Supporters pack council chambers in support of a ballot initiative.
The first City Council meeting of the year was uncharacteristically unruly and dramatic, with an exasperated Council President Ben Stuckart gaveling the meeting to a close early and storming out during the public comment period for a controversial initiative related to how Spokane police handle undocumented immigrants.
At issue was a proposed ballot initiative from Spokane resident Jackie Murray that would reverse a city policy that prohibits city employees, including police, from inquiring about someone’s immigration status.
The measure drew over 30 people to City Council chambers to testify. Many of them were older. Most of them were white. A few didn’t even live in Spokane.
Some spoke about how this was an issue of equality before the law. Some speakers invoked concerns that the policy would make Spokane a magnet for “terrorists,” “criminals” and “illegals” who would be a drain on resources. Some cited things they had heard on Patriot Radio and other conservative media.
A handful of people defended the city’s policy and pushed back against those who supported the effort to strike it down.
“I am disgusted so far with the testimony from the public,” said Alfredo Llamedo, a social work student at Eastern Washington University, who told his story of immigrating from Cuba as a child.
“This is the land of opportunity, not of hate, and all I've heard tonight is hate,” Llamedo told the council.
Stuckart, whose father passed away last week, warned the audience that he was “short-fused” that evening and that he would gavel the meeting to a close if people broke council decorum by applauding and cheering during the public comment period. After the crowd continued to ignore Stuckart’s warnings he testily said “that’s it” and gaveled the meeting, sparking an uproar from people in attendance.
George McGrath shortly before being evicted.
George McGrath, who regularly speak at city council meetings, stepped up to the microphone and began berating the decision, calling it “iron-fisted.” After he refused to step down, he was escorted out by a police officer.
Councilman Jon Snyder, who serves as president pro tem, told the crowd that the council meeting would continue if people agreed to respect the rules.
“This has never happened ever in the five years I've been on council because people respect the rules that we have here,” he said.
After public comment resumed, Murray, the sponsor of the initiative, addressed the council. Earlier in the night, she had a terse exchange with Stuckart when the council passed an ordinance that required political committees active in Spokane to have at least one officer who is a registered voter in the city. The ordinance was crafted to prevent political groups from outside Spokane from trying to influence local elections. Murray, whose initiative is sponsored by the group Respect Washington, expressed concerns that it was targeting her, which Stuckart denied.

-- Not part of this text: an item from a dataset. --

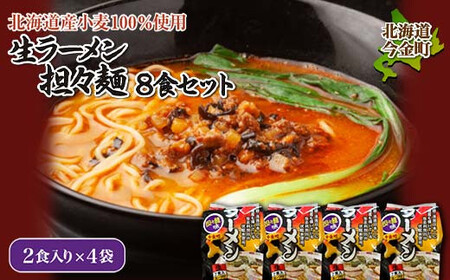 [北海道産小麦100%使用]生ラーメン(担々麺味)8食セット ラーメン 拉麺 麺 麺類 麺類 加工品 食品 北海道 今金町 F21W-017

Murray told the council that her initiative was about fairness.
“My father is a legal immigrant from Jamaica. I'm black,” said Murray.
“All I'm asking is for everyone to do the same thing my dad did,” she continued. “There's nothing wrong with that; it's not racist.”
Under city law, when a citizen initiative is sponsored, the council has the option of voting it into law or sending it to voters, neither of which city lawmakers have done in living memory. If they do neither, the initiative is vetted by the city and supporters can begin collecting signatures.
Councilman Mike Fagan introduced a motion to make the initiative law, which failed. He introduced another to send it directly to voters, which also failed.
The initiative now goes to city hearing examiner to look into its legal validity. After passing that hurdle and going through the City Clerk’s Office, supporters can begin gathering signatures. It could be on the November ballot.